▸ Problem
Omit the pictures. Transcribe exactly the lines below, from the one with "Fotos del hotel" up to and including the last.

▸ Given material

=======

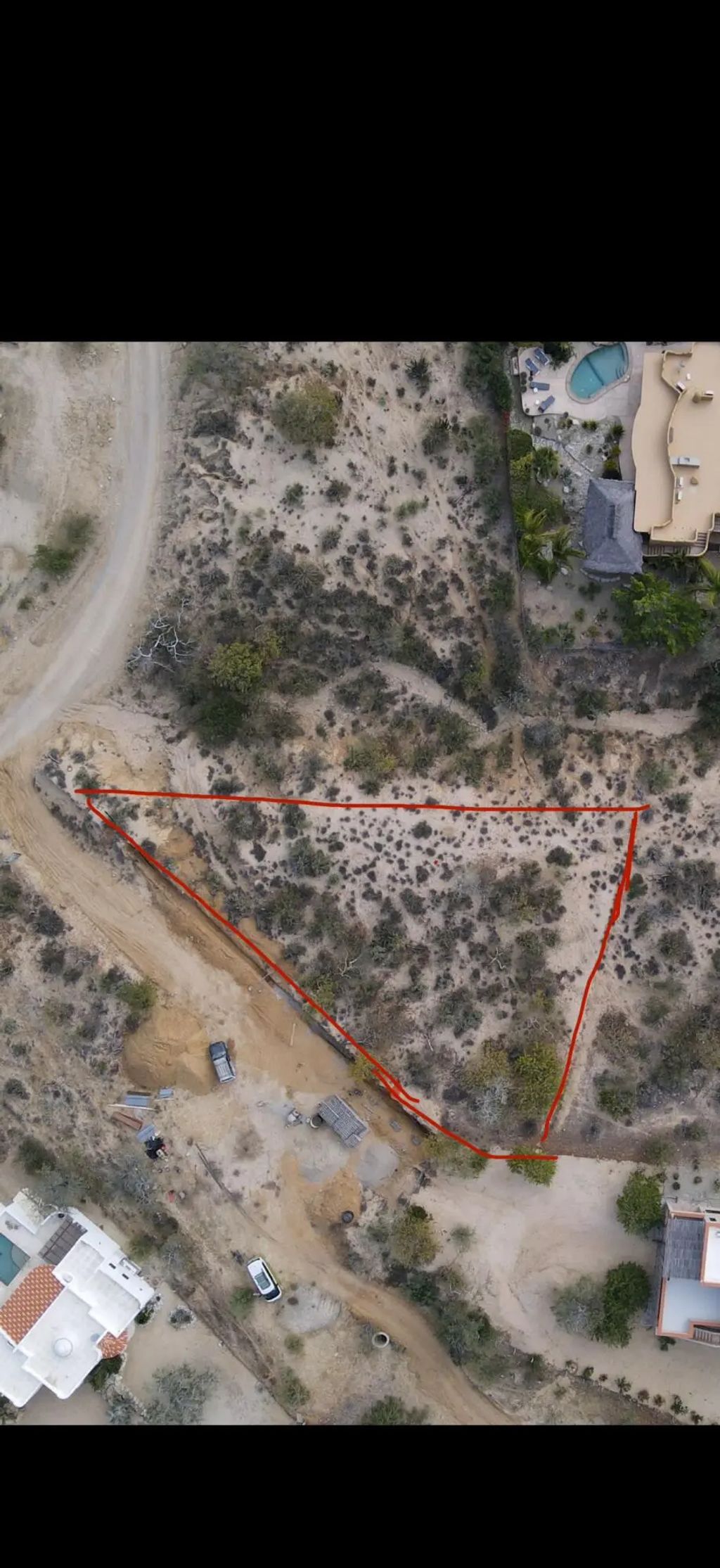 . Lote 6 Las Brisas, East Cape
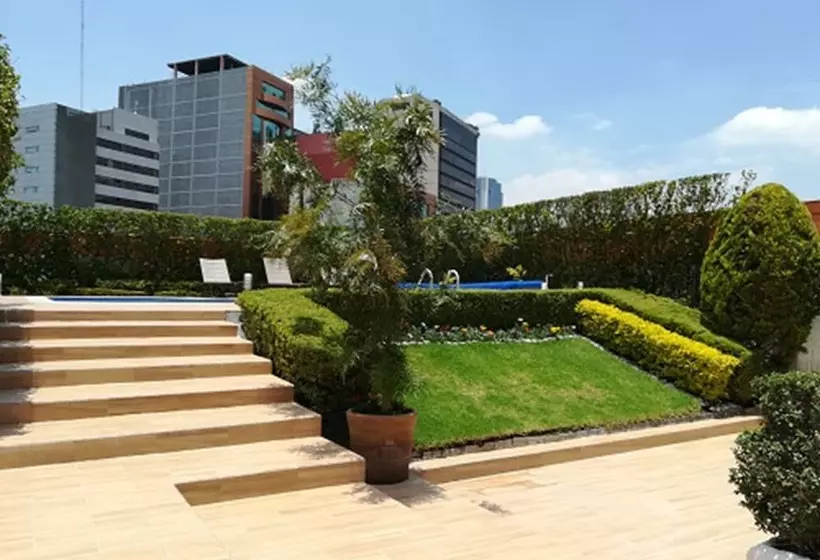 Fotos del hotel Corinto:  12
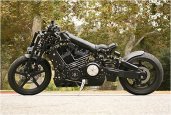P120 FIGHTER | BY CONFEDERATE MOTORCYCLES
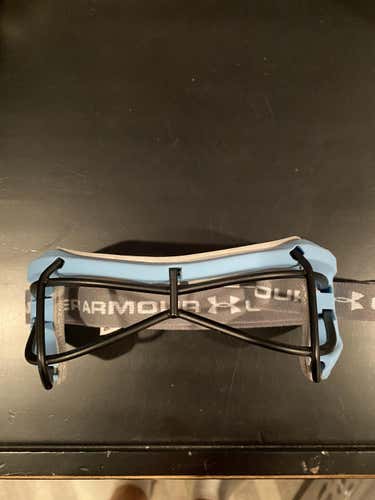New Under Armour Futures Field Hockey Goggles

=======

▸ Result of this task
 Fotos del hotel Corinto:  12
P120 FIGHTER | BY CONFEDERATE MOTORCYCLES
New Under Armour Futures Field Hockey Goggles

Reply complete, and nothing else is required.